Quem recebe a incumbência de elaborar um programa de redução de custos deve buscar


respostas satisfatórias para perguntas como as seguintes:
- É possível diferenciar entre particularidades da situação da organização e elementos que são
comuns a outras experiências conhecidas?

- Estão sendo devidamente considerados a interligação entre os elementos que sofrerão


mudanças e seu impacto sobre o conjunto?

- Não estaríamos ultrapassando limites do equilíbrio entre situação presente e futuro, isto é,
adotando providências hoje que comprometerão as condições de ganho de amanhã?

- Quão treinadas e engajadas estão as pessoas envolvidas hoje? E em futuro próximo?

- Está sendo destinada a devida atenção a aspectos que dependem de uma análise mais
profunda, indo além do aparente no que diz respeito aos processos?

- Estamos realmente dispostos a promover mudanças que tenham o tamanho e a


profundidade necessárias?

Programas de redução de custos bem sucedidos são consistentes internamente e coerentes no


tempo.
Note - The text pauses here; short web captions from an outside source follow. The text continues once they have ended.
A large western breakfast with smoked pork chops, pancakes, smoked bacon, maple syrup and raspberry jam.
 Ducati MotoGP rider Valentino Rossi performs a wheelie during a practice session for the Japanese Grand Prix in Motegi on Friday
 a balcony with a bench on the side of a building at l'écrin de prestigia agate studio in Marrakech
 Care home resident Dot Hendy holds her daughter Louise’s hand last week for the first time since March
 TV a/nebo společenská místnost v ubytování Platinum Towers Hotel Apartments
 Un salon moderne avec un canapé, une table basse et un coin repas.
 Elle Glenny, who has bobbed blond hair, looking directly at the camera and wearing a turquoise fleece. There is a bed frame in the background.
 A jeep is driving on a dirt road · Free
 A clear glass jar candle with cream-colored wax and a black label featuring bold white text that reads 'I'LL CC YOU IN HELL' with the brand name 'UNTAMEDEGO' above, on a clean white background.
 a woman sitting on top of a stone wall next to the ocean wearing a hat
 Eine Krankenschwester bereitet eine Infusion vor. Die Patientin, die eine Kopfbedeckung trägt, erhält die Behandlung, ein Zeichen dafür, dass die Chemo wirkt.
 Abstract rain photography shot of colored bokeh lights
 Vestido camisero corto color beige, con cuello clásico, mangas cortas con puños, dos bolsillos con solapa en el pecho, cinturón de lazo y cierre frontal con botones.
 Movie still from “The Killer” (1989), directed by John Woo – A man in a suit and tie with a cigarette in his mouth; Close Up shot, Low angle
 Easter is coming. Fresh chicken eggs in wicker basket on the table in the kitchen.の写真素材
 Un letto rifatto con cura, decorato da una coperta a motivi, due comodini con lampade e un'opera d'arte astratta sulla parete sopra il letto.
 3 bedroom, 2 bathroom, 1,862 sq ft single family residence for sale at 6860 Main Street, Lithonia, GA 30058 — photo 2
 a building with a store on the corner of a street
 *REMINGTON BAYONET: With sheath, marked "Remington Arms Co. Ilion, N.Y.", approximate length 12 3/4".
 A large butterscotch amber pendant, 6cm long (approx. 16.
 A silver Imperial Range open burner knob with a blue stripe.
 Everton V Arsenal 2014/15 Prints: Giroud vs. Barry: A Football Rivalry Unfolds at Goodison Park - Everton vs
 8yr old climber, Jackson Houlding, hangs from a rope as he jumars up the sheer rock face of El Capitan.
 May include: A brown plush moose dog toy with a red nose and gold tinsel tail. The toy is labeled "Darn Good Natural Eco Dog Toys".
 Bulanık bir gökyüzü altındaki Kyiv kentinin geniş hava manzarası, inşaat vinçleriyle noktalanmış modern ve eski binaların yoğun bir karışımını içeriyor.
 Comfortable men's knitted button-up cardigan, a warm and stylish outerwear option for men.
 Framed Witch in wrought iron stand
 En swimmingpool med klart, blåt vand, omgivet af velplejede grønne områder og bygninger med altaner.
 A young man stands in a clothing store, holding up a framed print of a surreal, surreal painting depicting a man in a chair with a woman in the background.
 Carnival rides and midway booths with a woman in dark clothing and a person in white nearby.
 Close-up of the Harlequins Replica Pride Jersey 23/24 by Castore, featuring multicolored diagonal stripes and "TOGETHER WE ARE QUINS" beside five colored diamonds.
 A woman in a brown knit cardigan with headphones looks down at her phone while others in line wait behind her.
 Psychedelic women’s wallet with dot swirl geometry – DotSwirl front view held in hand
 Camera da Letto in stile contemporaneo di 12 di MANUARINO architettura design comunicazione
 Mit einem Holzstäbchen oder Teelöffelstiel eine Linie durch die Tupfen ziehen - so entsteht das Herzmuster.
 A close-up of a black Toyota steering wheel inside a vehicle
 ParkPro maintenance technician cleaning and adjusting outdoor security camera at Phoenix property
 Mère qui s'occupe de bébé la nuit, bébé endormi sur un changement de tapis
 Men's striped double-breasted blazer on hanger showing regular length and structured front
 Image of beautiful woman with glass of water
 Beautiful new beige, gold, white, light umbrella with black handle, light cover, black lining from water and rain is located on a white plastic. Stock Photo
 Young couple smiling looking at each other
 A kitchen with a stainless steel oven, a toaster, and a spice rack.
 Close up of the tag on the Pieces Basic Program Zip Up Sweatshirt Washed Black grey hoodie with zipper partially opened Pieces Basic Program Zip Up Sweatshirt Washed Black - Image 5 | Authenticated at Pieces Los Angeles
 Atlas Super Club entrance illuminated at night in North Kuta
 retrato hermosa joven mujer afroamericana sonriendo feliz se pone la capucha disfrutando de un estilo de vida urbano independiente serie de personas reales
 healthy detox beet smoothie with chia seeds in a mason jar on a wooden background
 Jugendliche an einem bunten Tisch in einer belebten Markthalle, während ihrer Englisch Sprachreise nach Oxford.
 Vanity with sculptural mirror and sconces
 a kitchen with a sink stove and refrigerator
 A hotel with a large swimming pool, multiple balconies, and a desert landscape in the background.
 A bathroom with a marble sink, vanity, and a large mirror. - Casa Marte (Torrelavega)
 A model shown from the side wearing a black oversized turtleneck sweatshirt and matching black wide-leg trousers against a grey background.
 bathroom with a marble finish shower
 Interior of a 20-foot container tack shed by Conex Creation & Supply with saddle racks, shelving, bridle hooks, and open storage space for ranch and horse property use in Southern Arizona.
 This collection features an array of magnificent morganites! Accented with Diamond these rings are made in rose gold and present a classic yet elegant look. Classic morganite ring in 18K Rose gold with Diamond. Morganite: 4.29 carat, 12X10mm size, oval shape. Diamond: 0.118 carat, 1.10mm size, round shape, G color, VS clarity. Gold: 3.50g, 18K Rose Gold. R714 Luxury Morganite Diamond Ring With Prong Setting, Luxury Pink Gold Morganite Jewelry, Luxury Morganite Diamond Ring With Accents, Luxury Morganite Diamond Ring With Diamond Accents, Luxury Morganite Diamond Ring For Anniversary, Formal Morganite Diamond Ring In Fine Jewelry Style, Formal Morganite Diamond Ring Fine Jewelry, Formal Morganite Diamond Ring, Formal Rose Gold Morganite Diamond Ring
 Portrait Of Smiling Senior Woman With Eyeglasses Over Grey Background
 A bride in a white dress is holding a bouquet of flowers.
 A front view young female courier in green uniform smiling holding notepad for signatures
Refletem entendimento de como a organização funciona, além de visão profunda das
causas de problemas e disposição para enfrentá-los. Sua construção é uma questão de
engenho, discernimento e arte, mais do que de saber imitar e aplicar receitas. Chegar a bons
resultados depende de inteligência e determinação, tanto quanto da presença de valores
como humildade e senso de colaboração. Assim como acontece com outras práticas, o hábito
de planejar bem os esforços de redução, executar cuidadosamente, controlar resultados e
promover correções contribui mais para o sucesso quando está acompanhado de uma cultura
que favorece o engajamento, a responsabilização e a cooperação.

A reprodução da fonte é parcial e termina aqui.